What is needed — Please give back each line of the material unchanged, but without the images.
* * * * *
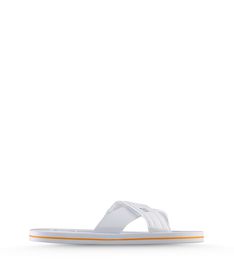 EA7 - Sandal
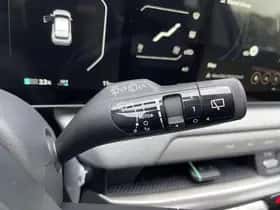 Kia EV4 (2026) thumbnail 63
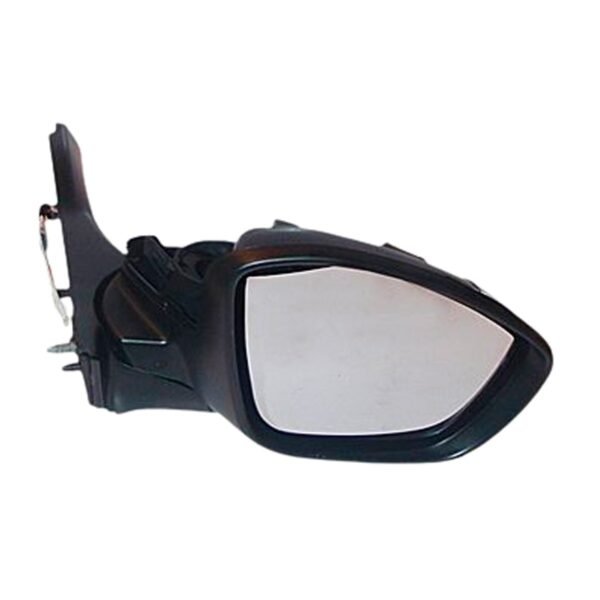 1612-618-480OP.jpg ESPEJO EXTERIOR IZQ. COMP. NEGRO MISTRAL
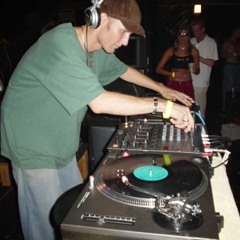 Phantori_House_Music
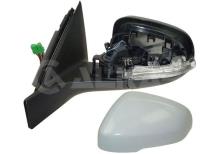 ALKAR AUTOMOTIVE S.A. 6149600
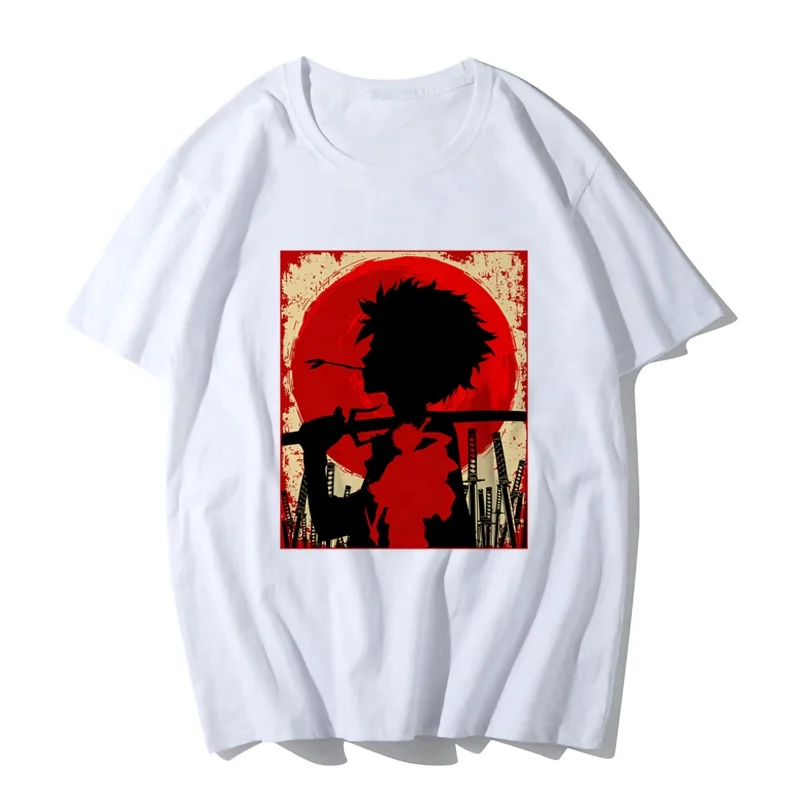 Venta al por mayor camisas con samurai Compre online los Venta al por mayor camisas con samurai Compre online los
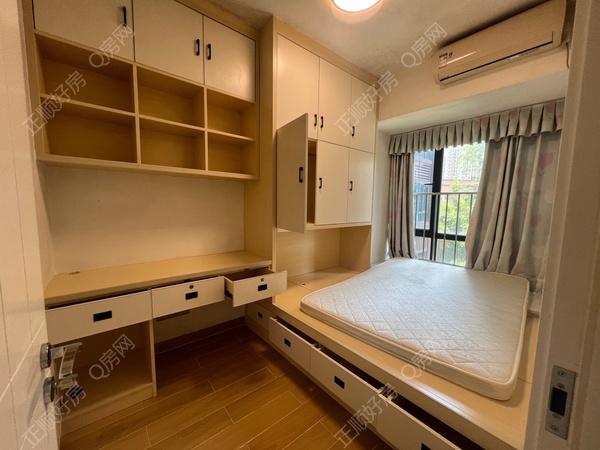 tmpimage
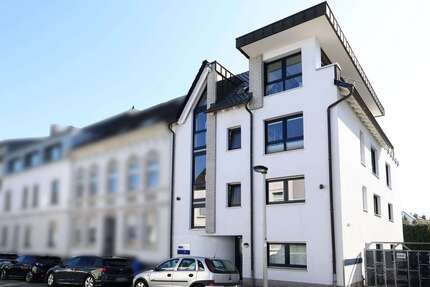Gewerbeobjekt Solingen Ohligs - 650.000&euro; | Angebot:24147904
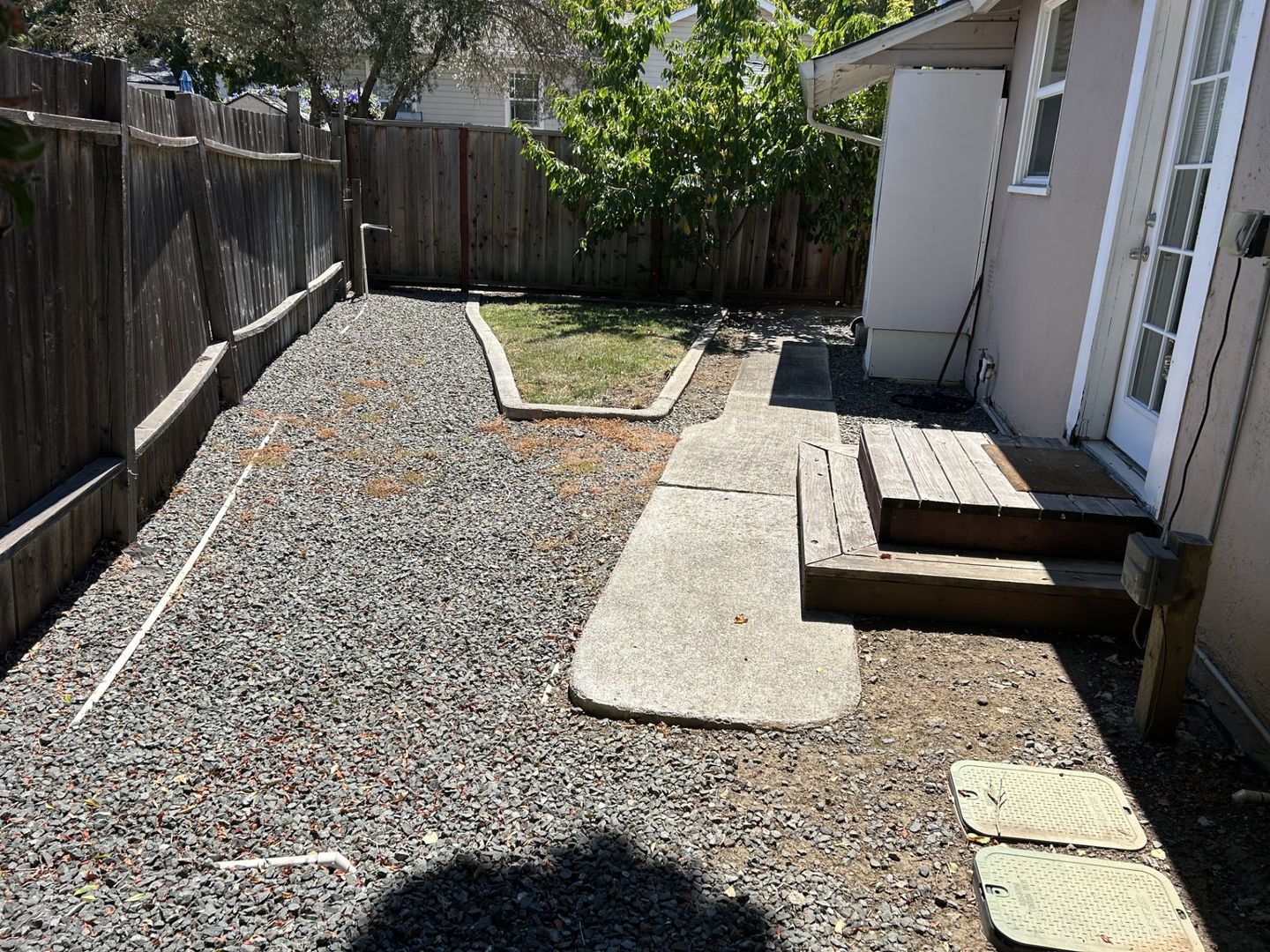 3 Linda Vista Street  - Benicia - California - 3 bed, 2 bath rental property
* * * * *
Output below —
 EA7 - Sandal
 Kia EV4 (2026) thumbnail 63
 1612-618-480OP.jpg ESPEJO EXTERIOR IZQ. COMP. NEGRO MISTRAL
 Phantori_House_Music
 ALKAR AUTOMOTIVE S.A. 6149600
 Venta al por mayor camisas con samurai Compre online los Venta al por mayor camisas con samurai Compre online los
 tmpimage
Gewerbeobjekt Solingen Ohligs - 650.000&euro; | Angebot:24147904
 3 Linda Vista Street  - Benicia - California - 3 bed, 2 bath rental property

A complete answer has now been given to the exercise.